Mon Sep 3 18:33:06 UTC 2018

> Am 03.09.2018 um 17:29 schrieb Will Yager <will.yager at gmail.com>:
> 
> 
> 
> On Aug 30, 2018, at 11:21, Olaf Klinke <olf at aatal-apotheke.de> wrote:
> 
>> 
>> [*] To the parser experts on this list: How much time should a parser take that processes a 50MB, 130000-line text file, extracting 5 values (String, UTCTime, Int, Double) from each line?
>> _______________________________________________
>> 
> 
> The combination of attoparsec + a streaming adapter for pipes/conduit/streaming should easily be able to handle tens of megabytes per second and hundreds of thousands of lines per second. 
That's good to know, so there is plenty of room for improvement left. 
> 
> For an example, check out   https://github.com/wyager/Callsigns/blob/master/Callsigns.hs
> 
> Which parses a pipe-separated-value file from the FCC pretty quickly. As I recall it goes through a  >100MB file in under three seconds, and it has to do a bunch of other work besides. 
The parser does nothing except chunk up the line's text and replace parts of it by constants. I'm surprised and pleased though that HashMaps have such good performance. 
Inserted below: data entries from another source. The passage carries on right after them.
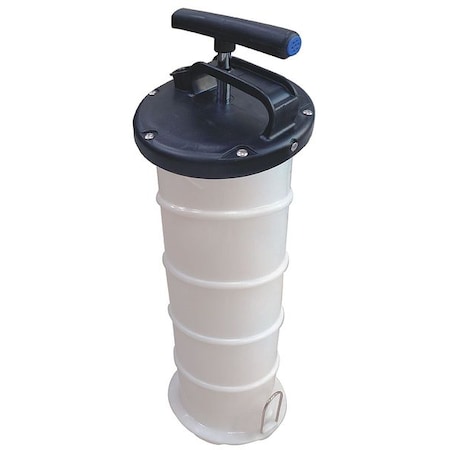 Manual Fluid Evacuator, 1.7 Gal. Capacity MPN:20KY56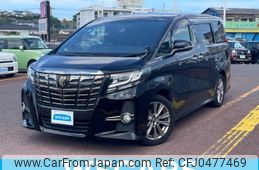 toyota alphard 2016 quick_quick_DBA-AGH30W_AGH30-0107679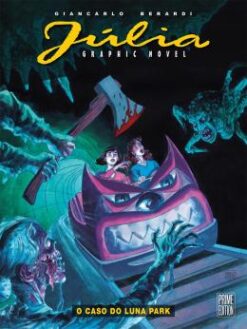 Julia Graphic Novel - Vol. 02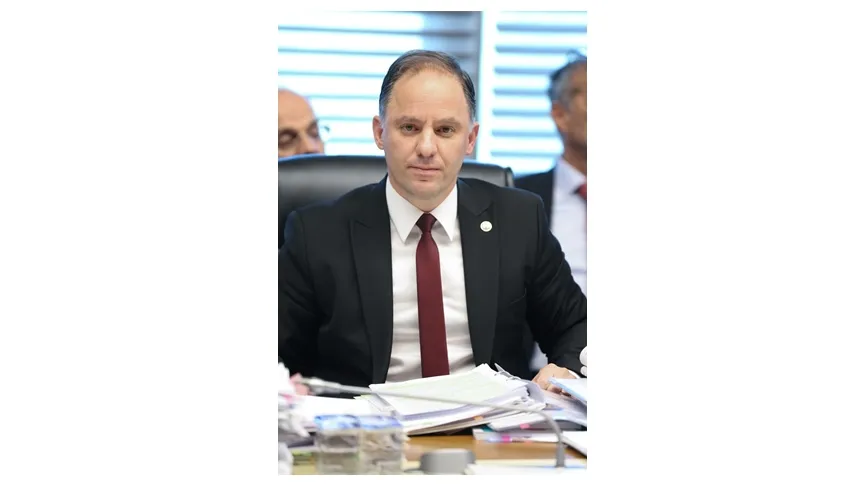 Yavuzyılmaz KİT Komisyonuna Damga Vurdu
Profiling shows that my parser now spends most time converting to numbers and dates. I wrote a primitive 

skipSep :: Int -> Char -> Parser ()

which skips over input until it has read a given number of the given character. This cut down overall execution time from 12s to 6s, meaning the parsing time is down by more than 50%. Seems the combinators like *> and >>= and 'manyTill' do have a non-neglegible cost, so combining from fewer parts makes the parser faster. Would other parser users agree? 

Olaf